Some are clueless on job interview

On the Job


August 30, 2006|By Hanah Cho | Hanah Cho,Sun Columnist

There are some job seekers who still don't get it. You need to be well-prepared for an interview. It's often the first face-to-face interaction with a potential employer.

To avoid making a negative first impression, I asked human resources consultant Eileen Levitt to name some common interview blunders. Levitt is president of the HR Team in Columbia, which helps smaller firms with their recruiting, hiring and other human resources needs.

One of the most frequent mistakes job candidates make is not knowing anything about the company.

"I had a candidate come here and I asked her, `What do you know about us?'" Levitt says. "She said, `My Internet was down today, and I couldn't do research.' [The interview] was scheduled two weeks ago. That turned me off."

Another gaffe is dressing too casually. Tube tops and flip-flops are absolutely forbidden.

"It's always better to be overdressed," she says.

Here's a can't-believe-it-happens-but-it's-true story: Candidates who use profanity during interviews.

"We hear it all the time," she says. "You can't repeat it in the paper."

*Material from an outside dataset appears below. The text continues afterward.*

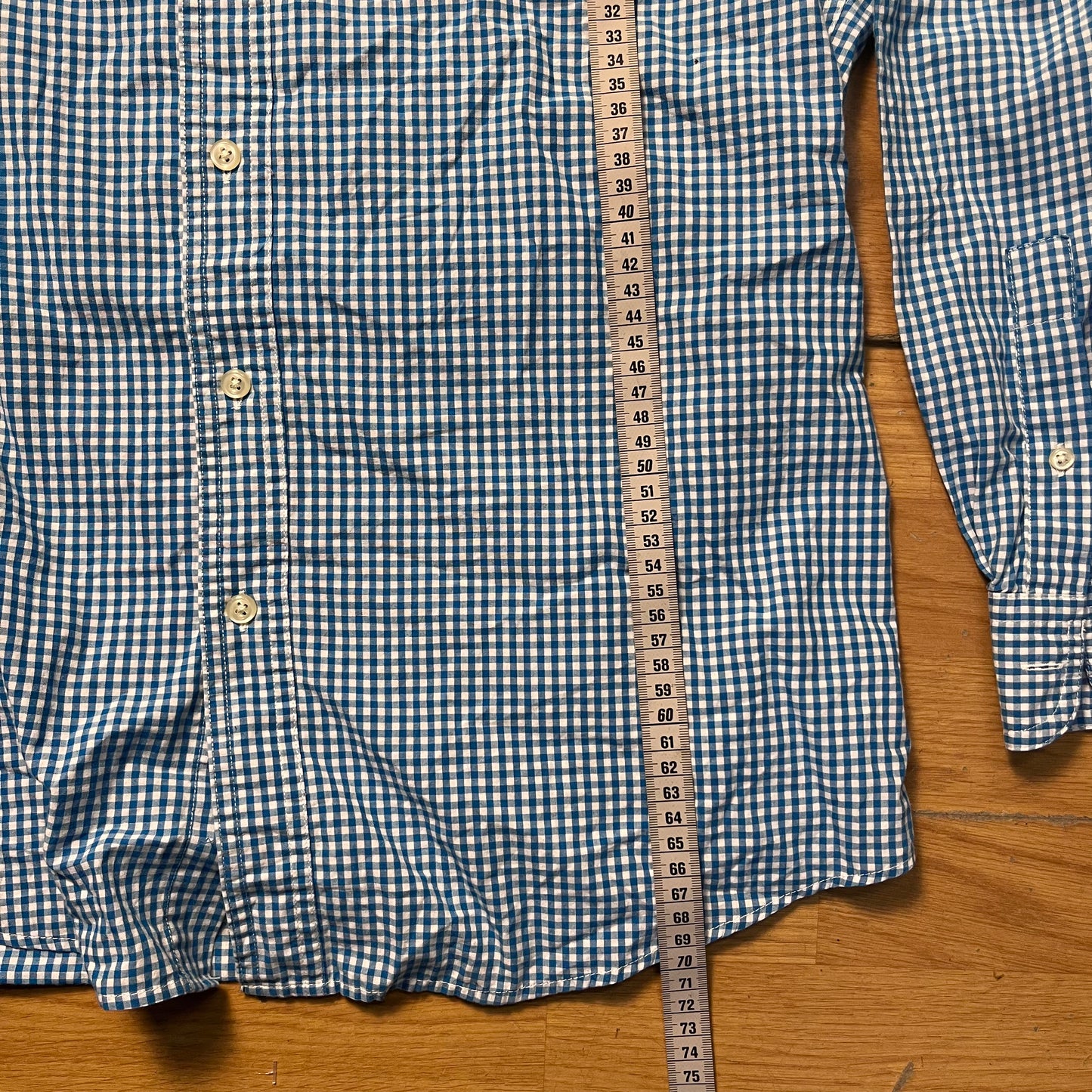 Chemise à carreaux bleus et blancs - Chaps - Taille m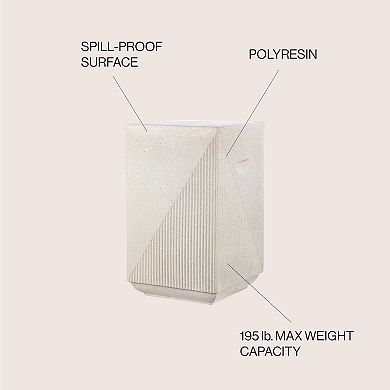 Adrian 20.75" Contemporary Minimalist Square Accent Table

Some other interview blunders include bad-mouthing former employers, giving vague answers and taking cell phone calls.

A survey released last week by Accountemps, a financial services staffing agency, found that 47 percent of 150 respondents think that little or no knowledge of the company is the most common interview mistake. Being unprepared to discuss skills and experience, career plans and goals and lacking enthusiasm also top the list. (The survey has a margin of error of 6.7 percentage points.)

Lack of soft skills, such as not making eye contact and arriving late, are some other interview slip-ups.

From the mailbag: A few readers passed along their tips about staying fit at work after reading last week's column.

Kate of Mount Washington says she sits at her desk eight hours a day and is trying to lose weight from her last pregnancy.

She makes a trip to the farmers' market downtown every Sunday morning and buys vegetables and fruits, "which inspires me to eat well all week." Kate spends time Sunday preparing the fruits and veggies and packing them individually for the week.

"I put it in bags so I can easily grab something on my way out the door each morning and have healthy stuff to snack on and eat for lunch," Kate says.

Coleen, a reader from Odenton, parks her car 25 minutes away so she can walk to the office. Like Kate, she brings healthy snacks, including V-8 juice, which is 70 calories for 11.5 ounces.